Data segment Block Start
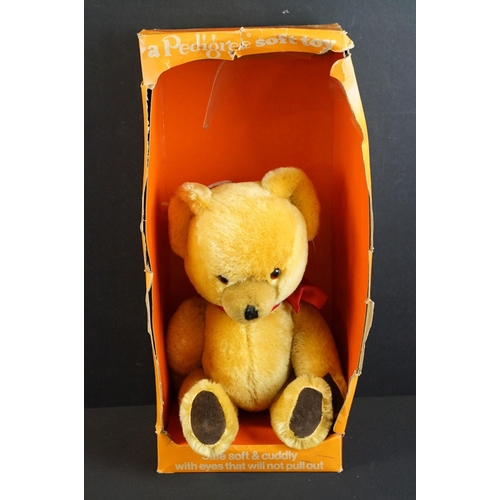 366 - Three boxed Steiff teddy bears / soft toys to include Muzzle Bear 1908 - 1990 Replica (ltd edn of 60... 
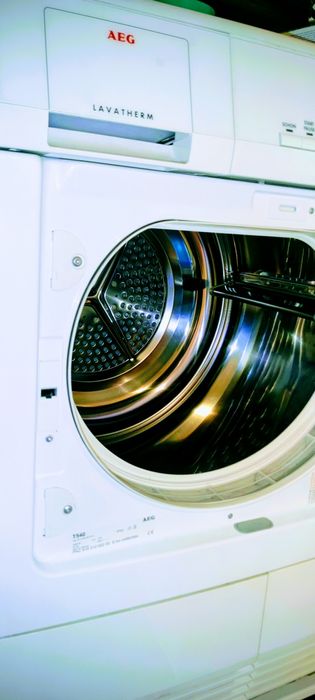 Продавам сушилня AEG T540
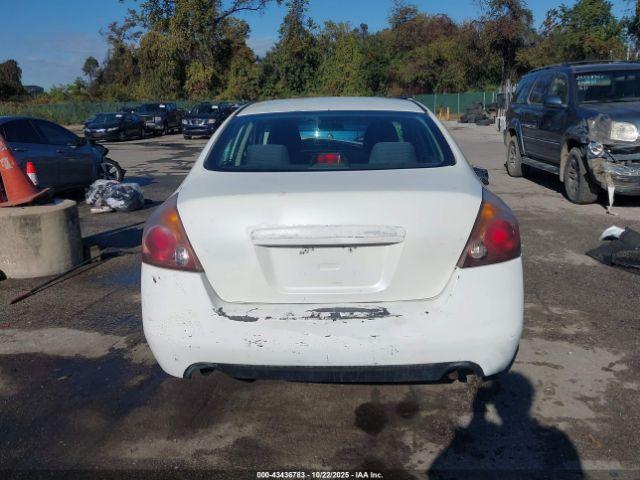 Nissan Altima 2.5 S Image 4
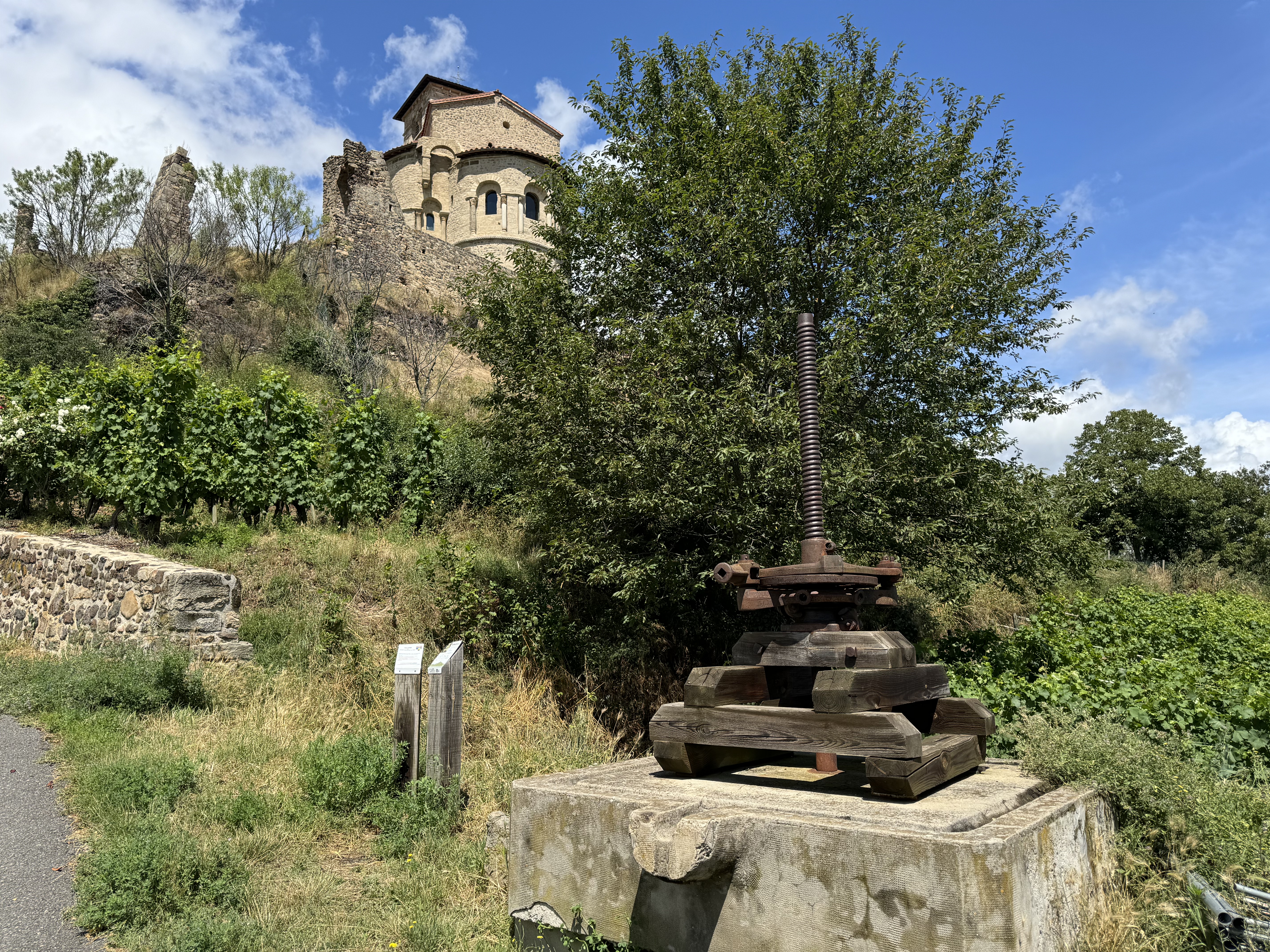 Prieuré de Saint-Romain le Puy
Data segment Block End
_Task prompt_:
Except for the pictures, the whole listing above should be transcribed exactly.

_Solution for this problem_:
 366 - Three boxed Steiff teddy bears / soft toys to include Muzzle Bear 1908 - 1990 Replica (ltd edn of 60... 
 Продавам сушилня AEG T540
 Nissan Altima 2.5 S Image 4
 Prieuré de Saint-Romain le Puy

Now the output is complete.